Su teatro, especialmente La importancia de llamarse Ernesto, «continuaría siendo una pieza central del repertorio dramático en lengua inglesa —prosigue Tóbín—. Sin embargo, lo que le sucedió en los cinco últimos años ha cambiado nuestra respuesta a su obra». La simpatía que suscitan sus paradojas se ha visto acrecentada por la conciencia de su terrible sufrimiento, igual que los cuadros de Vincent Van Gogh no nos fascinan solo por sus amarillos y sus azules irreales.
La paleta impresionista, digámoslo francamente, nos trae sin cuidado.
Lo que nos atrae de Van Gogh es el drama que hay detrás. El puro goce estético no es para todos los públicos, como bien apuntó Ortega y Gasset. La mayoría de la gente ignora los aspectos técnicos y pasa a través de ellos para «revolcarse apasionadamente en la realidad humana que en la obra está aludida».
Y cuando no la encuentra, como sucede con la pintura abstracta, pierde cualquier interés.
El retrato de Harley Davidson
El establecimiento de este vínculo emocional es una de las obsesiones del marketing contemporáneo.
En Empieza con el porqué, Simon Sinek explica que Harley Davidson no te abruma con argumentos mecánicos. Tampoco ofrece un servicio excepcional. En cualquier concesionario de Kawasaki te van a atender mejor, pero solo te dan una moto. Con Harley-Davidson te llevas una declaración de principios. «Simboliza lo que soy —proclama un directivo de la compañía—. Básicamente, dice que soy americano».
Miles de estadounidenses se tatúan la marca, y algunos de ellos ni siquiera tienen una Harley: no les interesa el artículo, sino la filosofía, la historia, lo que hay detrás.
El príncipe infeliz
Buena parte de De profundis consiste en recriminaciones.
Algunas están más que justificadas, como las relativas al estilo de vida superficial y dispendioso de Bosie. «Entre el otoño de 1892 y la fecha de mi encarcelamiento [25 de mayo de 1895] —se queja Wilde—, gasté contigo y en ti más de 5.000 libras esterlinas en metálico». Se trata de una cifra fabulosa, equivalente a casi un millón de euros actuales.
Otros reproches se nos antojan, sin embargo, caprichosos, como cuando Wilde se entera de que Bosie piensa dedicarle un poemario. ¿Por qué le molesta tanto?

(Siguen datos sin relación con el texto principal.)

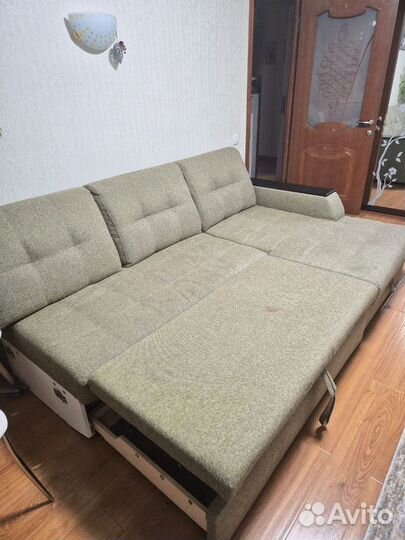 Угловой диван бу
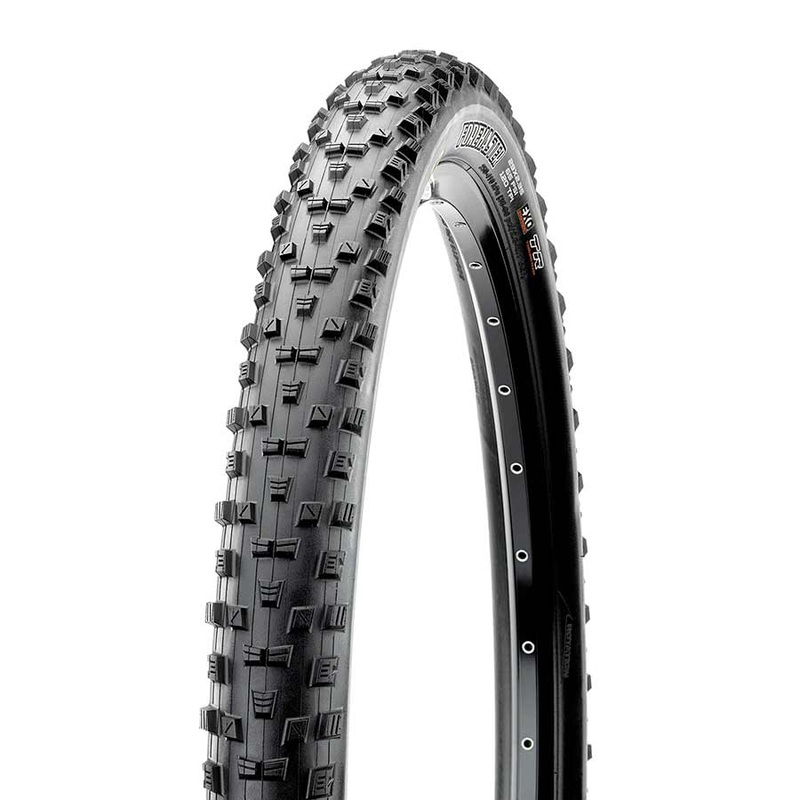 Maxxis Forekaster Tire – 29 x 2.6 Tubeless Folding Black 3C Maxx Speed EXO
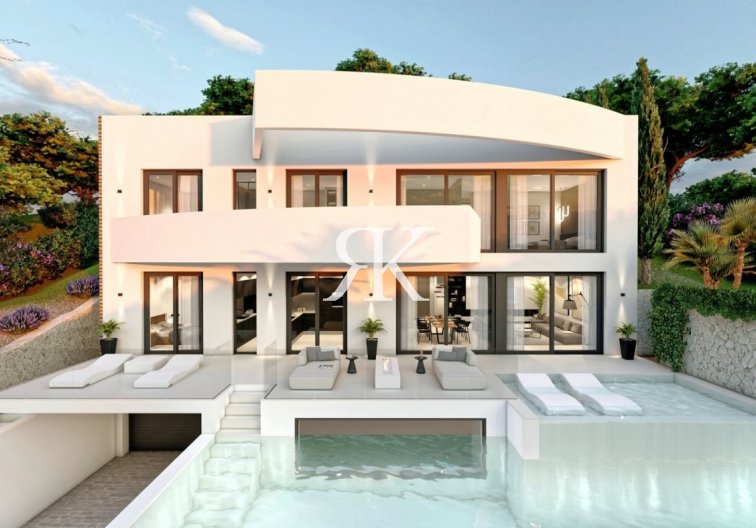 Neubau - villa - Altea - Sierra Altea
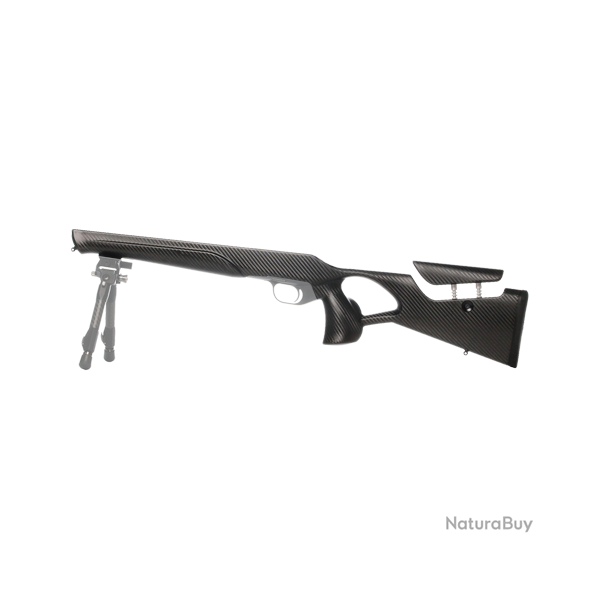 Crosse for�e pour tireurs gauchers appropri�e � R8 - Ref 38410-51 - Accessoire arme qualit� pro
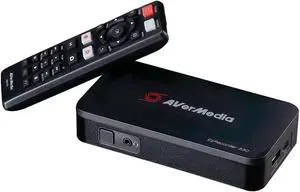AVerMedia EZRecorder 330G - 4K Pass-Through and 1080p60 Video Recording, DVR with HDMI Capture, Digital Converter, Schedule Recording, No PC Required (ER330G) AVerMedia EZRecorder 330G - 4K Pass-Through and 1080p60 Video Recording, DVR with HDMI Capture, Digital Converter, Schedule Recording, No PC Required (ER330G)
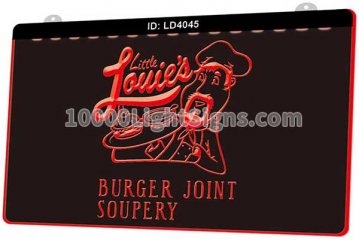 LD4045 Little Lawies Burger Joint Soupery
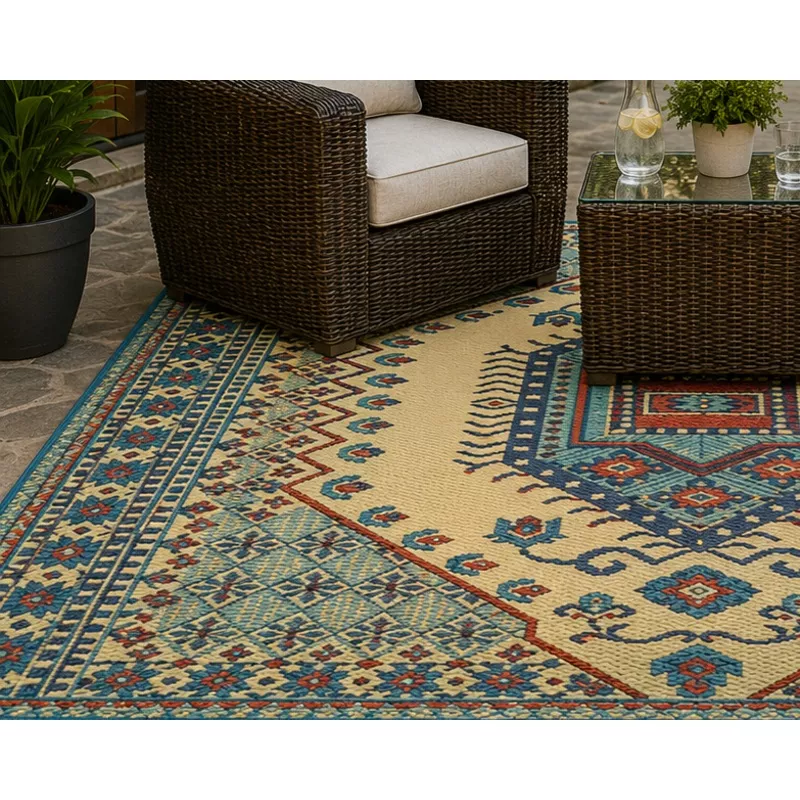 turkish-outdoor-mat-plum Turkish Outdoor Mat, Plum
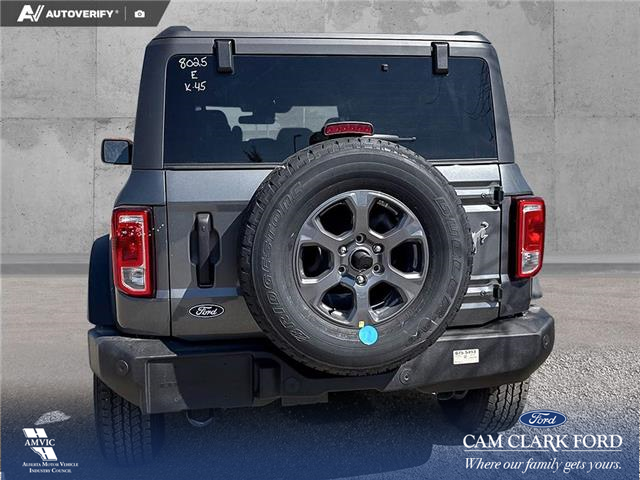 2026 Ford Bronco Big Bend (Stk: 26S8025) in Red Deer - Image 5 of 25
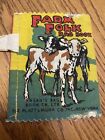FARM FOLK DEAN'S RAG LINEAN BOOK - 1948 - VINTAGE AND RARE NUMBERED 50258/1
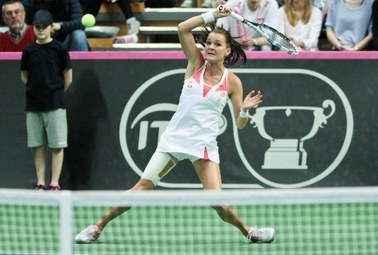 Radwańska straci miejsce w czołowej dziesiątce rankingu WTA?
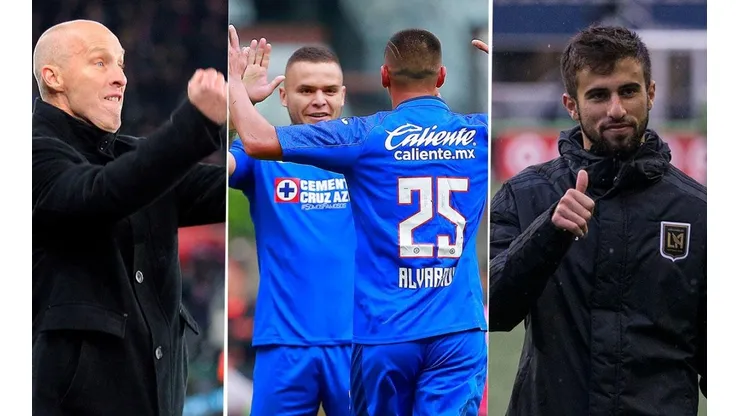 Bradley y Rossi remarcaron la grandeza de Cruz Azul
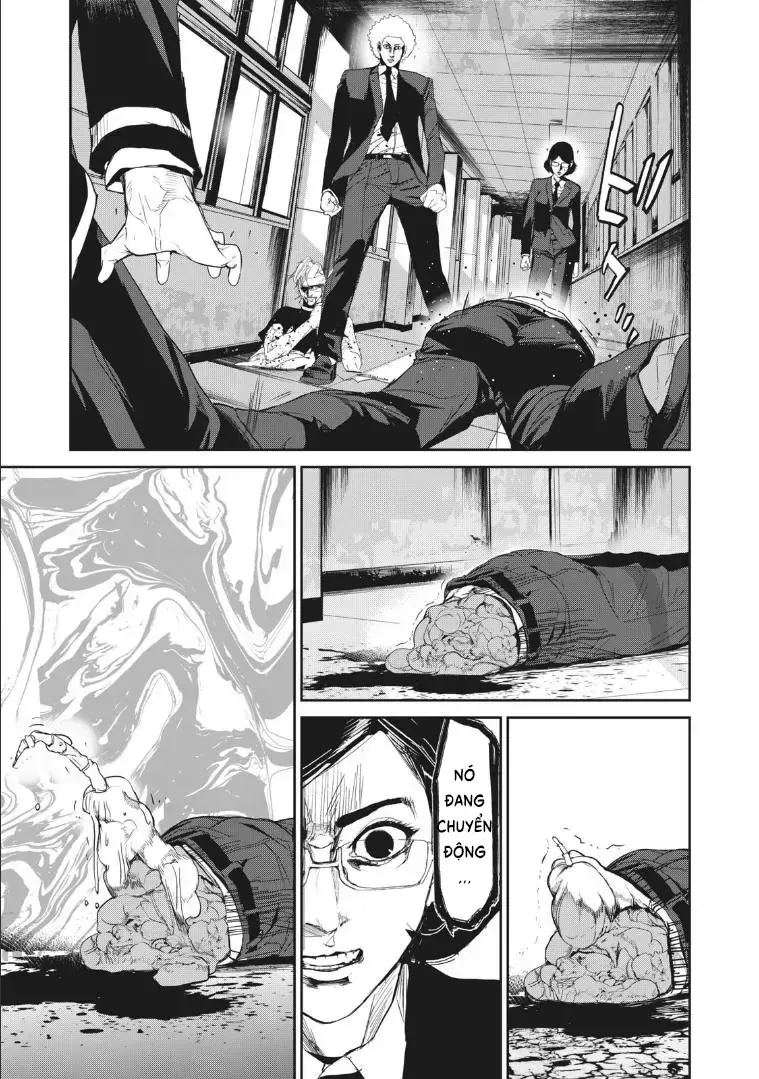 Shokuryou Jinrui Re: Starving Re:velation Chap 25 - Next Chap 26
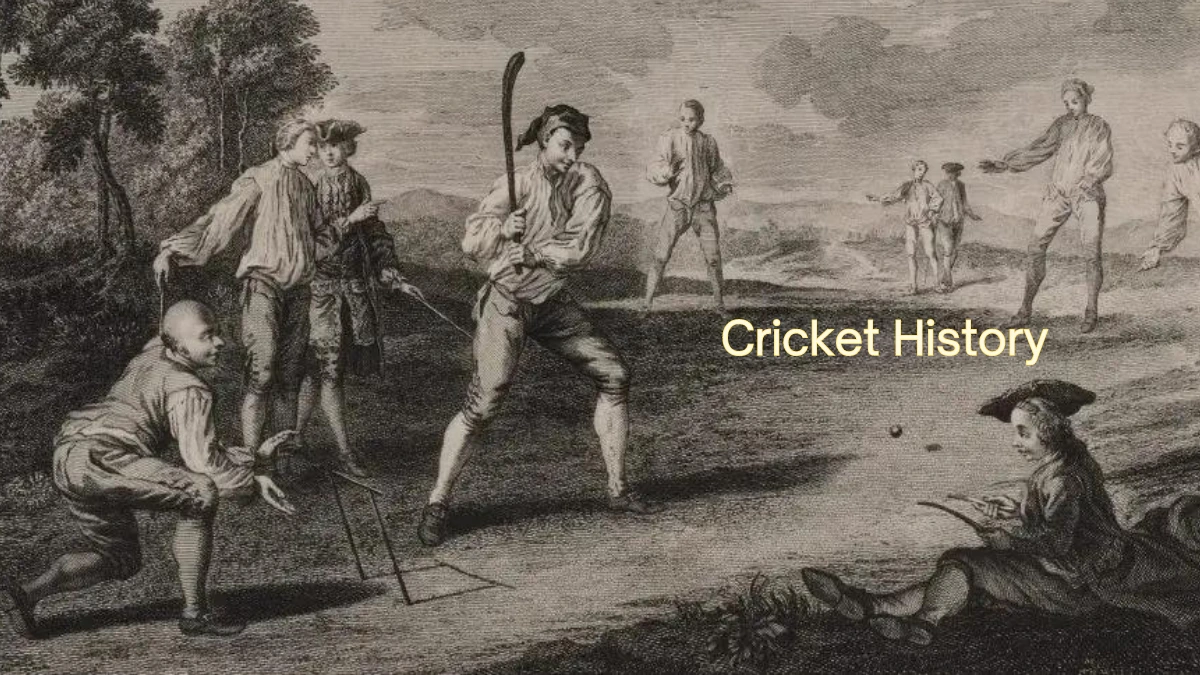 Cricket-History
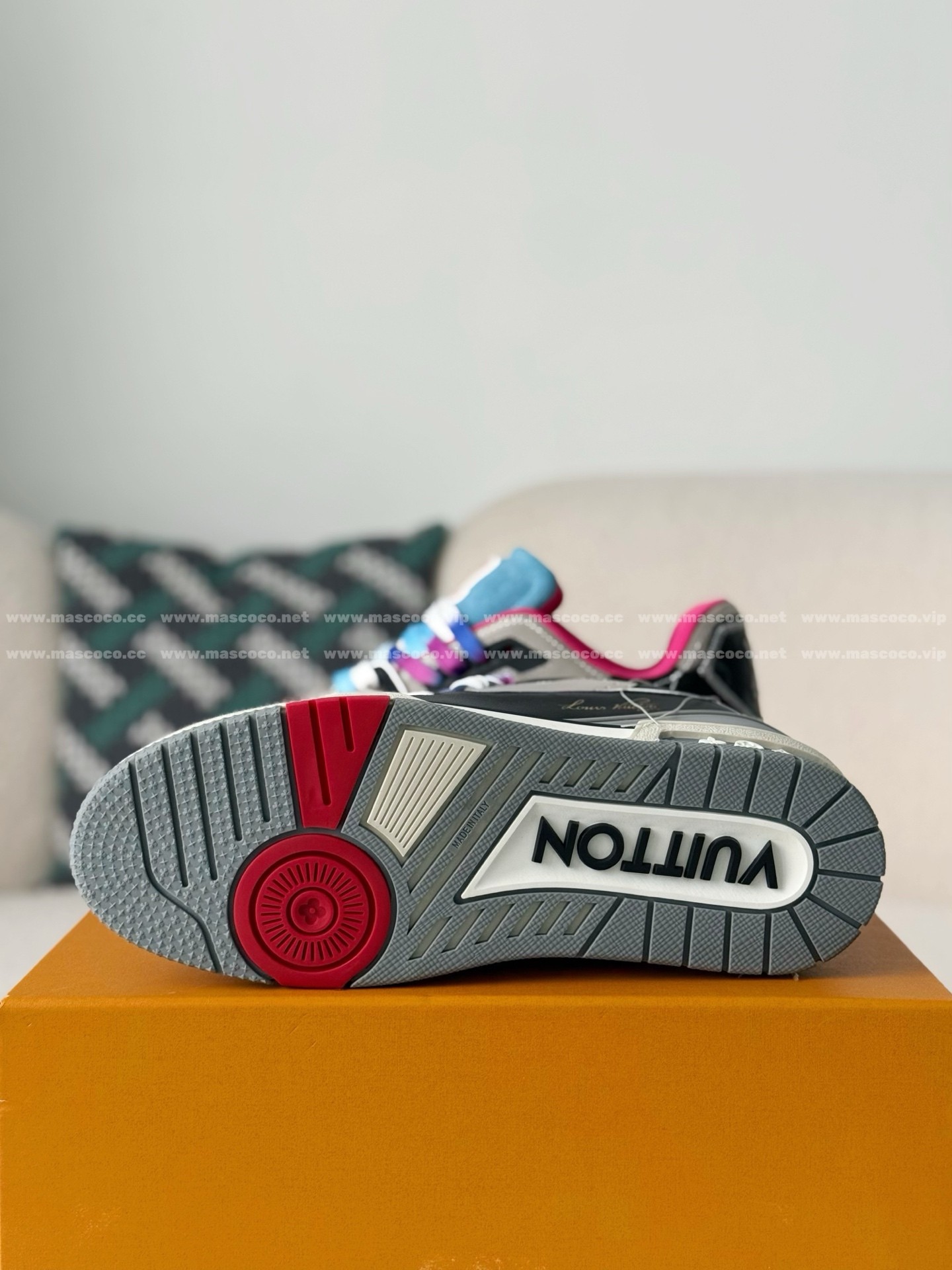 「#170」LOUIS VUITTON TRAINER 1A9IQ5 SNEAKERS - 图片 5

«Si hubiese permitido que mi nombre fuese el heraldo de ese libro —argumenta— habría cometido un grave error artístico. Habría rodeado la obra de un ambiente equivocado, y en el arte moderno la importancia del ambiente es crucial».
No le falta razón.
El mérito intrínseco es determinante para la fortuna comercial de cualquier empresa, pero ¿de cuántos creadores no hemos oído lamentar que se adelantaron a su época? Otros no pueden ser, por el contrario, más oportunos. Mi ejemplo favorito es Edith Piaf. La Francia de la posguerra la idolatró porque era eso lo que necesitaba en ese ambiente de postración: la historia de superación de una niña criada en un burdel y que se había abierto paso hasta la cima cantando por las esquinas de París.
¿Pesaba en el ánimo de Wilde un cálculo parecido cuando, con la maleta a medio hacer sobre la cama, optó por quedarse en Londres e inmolarse?
Nunca lo sabremos, aunque William B. Yeats lo tenía claro. «Jamás he dudado —dice en sus memorias—, ni siquiera por un instante, de que tomó la decisión correcta, y de que debe a esa decisión la mitad de su renombre».